Ydral avait manifesté son intérêt pour les différents véhicules construits chez Gnome & Rhône et demandé à la SNECMA de lui en concéder la licence pour la fabrication et la vente, en précisant que la Snecma avait déjà consenti des licences non exclusives de fabrication et de vente à Casanova Serra de Barcelone en Espagne pour équiper le Biscooter et à Monsieur Breschner-Müller à Buenos-Aires en Argentine pour un usage que nous ne connaissons pas.

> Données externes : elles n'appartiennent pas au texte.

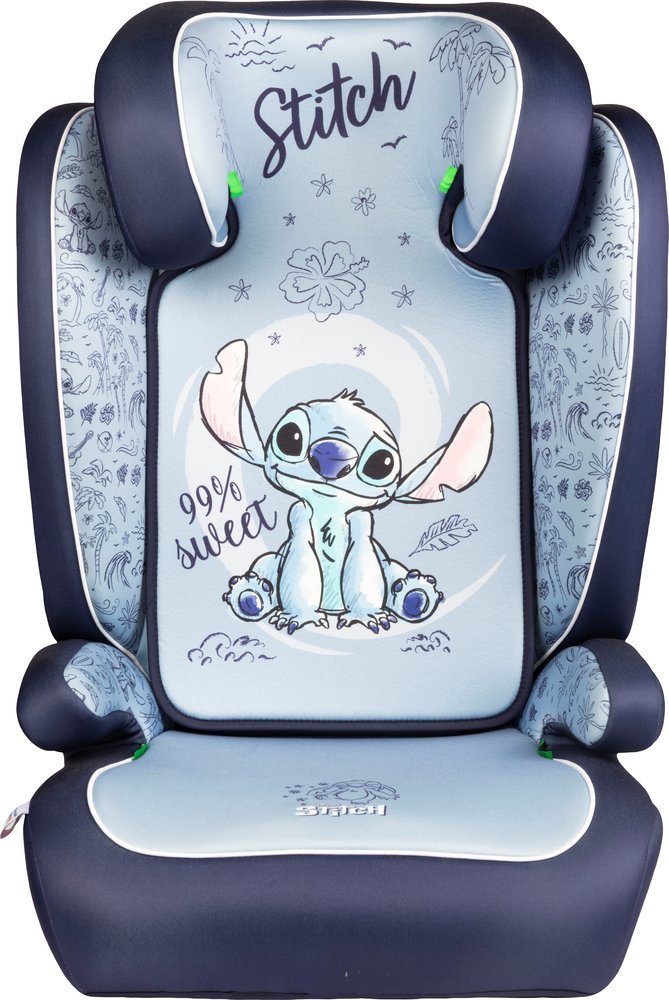 Accesorios coche licensing Stitch Oficial | Disney Licensing VRM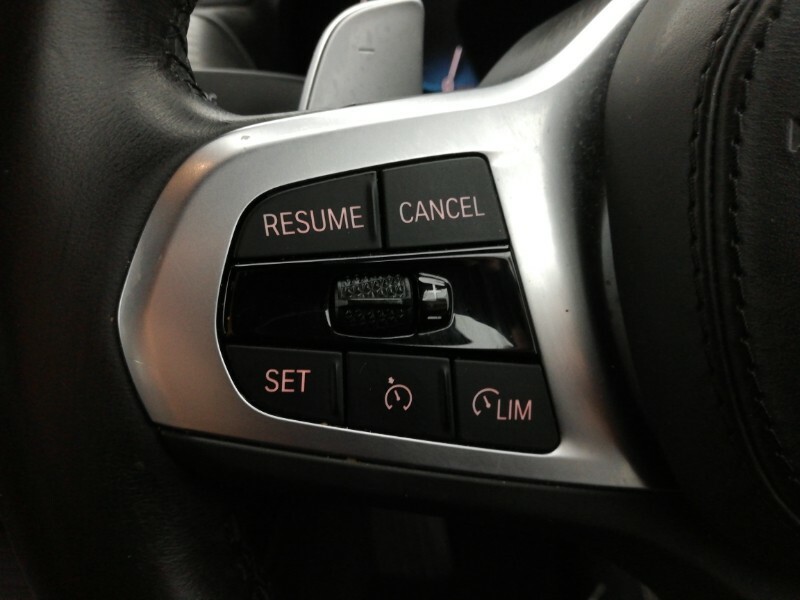 BMW X3 Xdrive20d M Sport Step Techpro Pk Black #13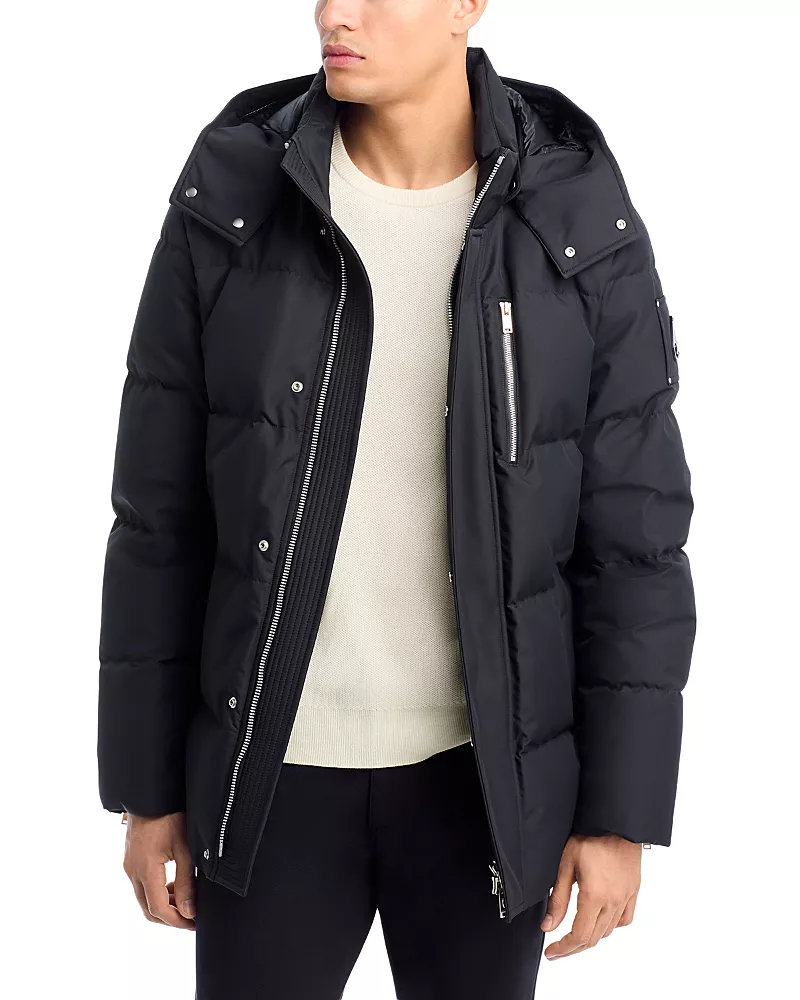 Moose Knuckles Cloud 3Q Down Jacket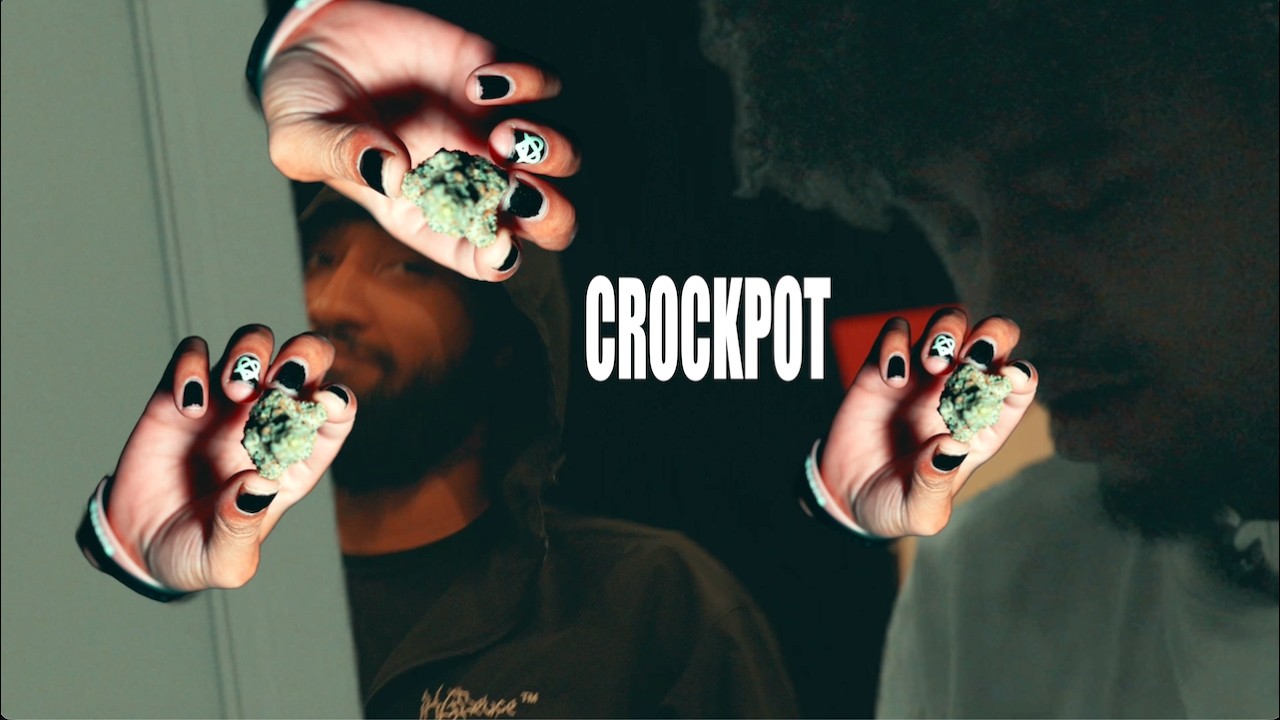 iKGDeuce x  @17jyow - CROCKPOT [Dir. by AUNTWrldWide]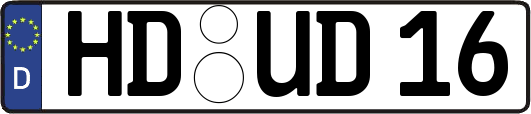 HD-UD16
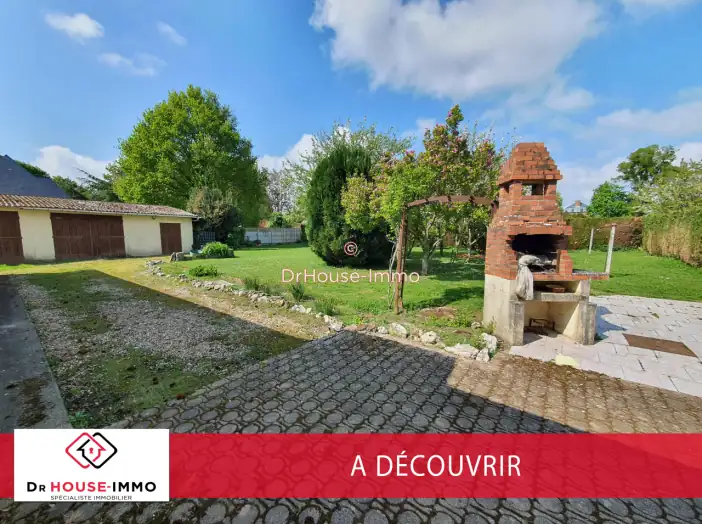 Maison 6 pièces de 87 m² - Fouqueville (27370)
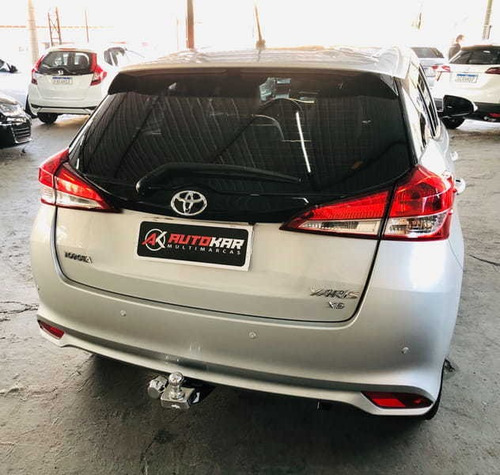 Imagem 15 de 15 de Toyota Yaris Hb Xs 15 At 2019
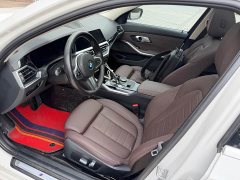 BMW 3 Series 320Li M Sport Package - ფოტო 7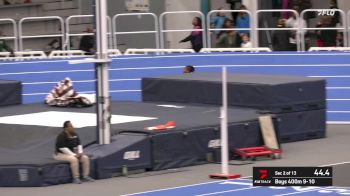 Youth Boys' 400m 9-10 Year Old Division, Finals 1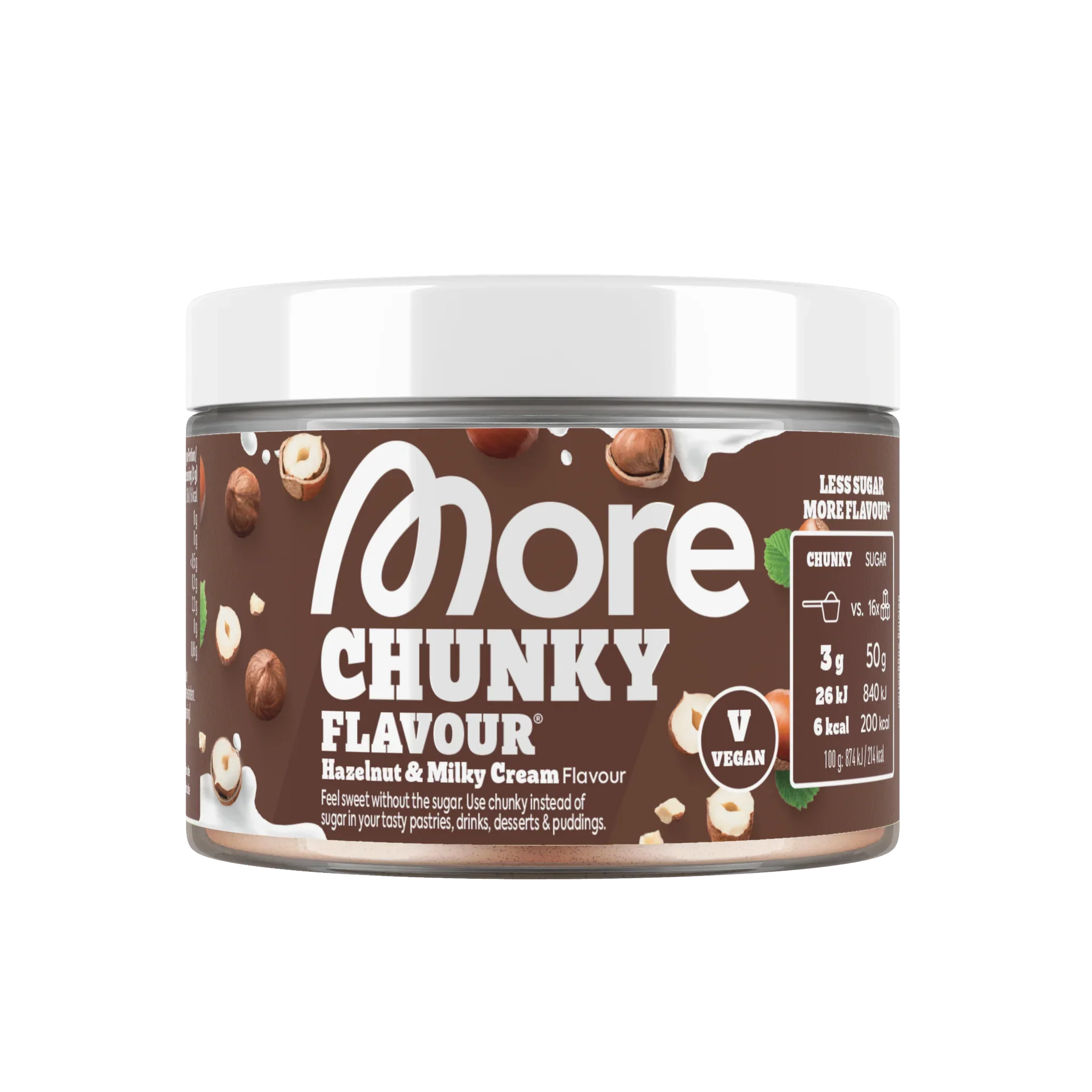 Chunky Flavour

La licence Ydral est tout de même exclusive pour le territoire français, le contrat précisant que Ydral a le droit de fabriquer, faire fabriquer et vendre, sans aucune restriction territoriale, les moteurs, vélomoteurs, et motos de marque Gnome & Rhône.

Ydral rachète donc le stock de pièces et de machines montées à Gnome & Rhône. Les machines ou moteurs d’origine Snecma vendus par Ydral doivent comporter une plaque signalant qu’il s’agit de matériel sous licence Snecma.

Ydral fournit encore pendant de nombreuses années les clients civils, mais aussi l’armée, la SNCF, les PTT. De nombreuses pièces seront fabriquées pour satisfaire la clientèle et ceci jusqu’au début des années 70, en particulier pour les LX200 militaires. Ydral refabrique même des parties-cycle de R4X, pour utiliser la quantité de pièces restées dans les dépôts. Ces R4X sont plus particulièrement destinées à la S.N.C.F.